Here, the Supreme Court should have granted those branches of the plaintiff's cross motion which were for summary judgment on the issue of liability against Taylor and, in effect, dismissing Taylor's counterclaim and affirmative defenses. The plaintiff met her burden of establishing her prima facie entitlement to judgment as a matter of law on the issue of liability against Taylor and dismissing Taylor's counterclaim and affirmative defenses through, inter alia, the submission of the transcript of Taylor's plea in the related criminal action ( see Morrow v. Gallagher, 113 A.D.3d 827, 829, 979 N.Y.S.2d 395). In her complaint, the plaintiff alleged, among other things, that on November 23, 2007, while at Duvet, Taylor willfully and intentionally stabbed the decedent, injuring and ultimately killing the decedent. During his plea allocution, Taylor admitted that, on November 23, 2007, in the vicinity of Duvet, he committed the crime of manslaughter in the first degree, in that, with intent to cause serious physical injury, he fatally stabbed the decedent. Consequently, the plaintiff demonstrated that the identical issue was necessarily decided in the prior proceeding, and that, accordingly, Taylor was collaterally estopped from relitigating this issue either in defense to the complaint or in the prosecution of his counterclaim.

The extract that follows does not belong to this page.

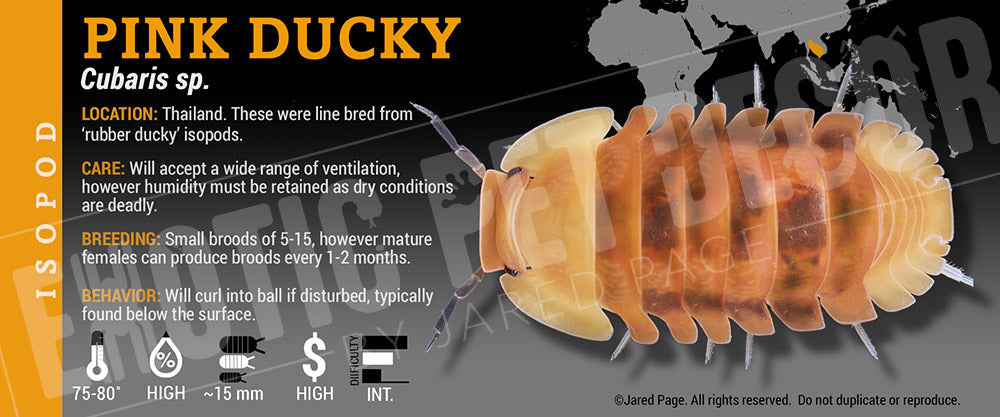 Cubaris sp 'Rubber Ducky' isopod label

In opposition to the plaintiff's showing, Taylor failed to raise a triable issue of fact. In support of his motion for summary judgment dismissing the complaint insofar as asserted against him, Taylor submitted transcripts of his deposition testimony, in which he acknowledged that he had been represented by counsel at the related criminal proceeding, which supported the plaintiff's contention that he had a full and fair opportunity to litigate the charges at issue here. Further, during the plea proceeding, Taylor acknowledged that, by pleading guilty, he was waiving his defense of justification and all other defenses. Consequently, Taylor's plea of guilty to manslaughter in the first degree collaterally estopped him from invoking the Barker/ Manning doctrine ( see Manning v. Brown, 91 N.Y.2d 116, 120, 667 N.Y.S.2d 336, 689 N.E.2d 1382; Barker v. Kallash 63 N.Y.2d 19, 25, 479 N.Y.S.2d 201, 468 N.E.2d 39), which precludes an injured person, or his or her personal representative, from recovery in tort where the injured person's conduct constituted a serious violation of the law, and the injuries for which recovery was sought were the direct result of that violation. Taylor is also estopped from asserting that his conduct with respect to the underlying altercation with the decedent was justified ( see Colby v. Crocitto, 207 A.D.2d 764, 765, 616 N.Y.S.2d 399; Grayes v. DiStasio, 166 A.D.2d 261, 263, 560 N.Y.S.2d 636). For the same reason that the Supreme Court should have granted those branches of the plaintiff's cross motion which were for summary judgment on the issue of liability insofar as asserted against Taylor and, in effect, dismissing his counterclaim and affirmative defenses, Taylor's own motion for summary judgment dismissing the complaint insofar as asserted against him was properly denied.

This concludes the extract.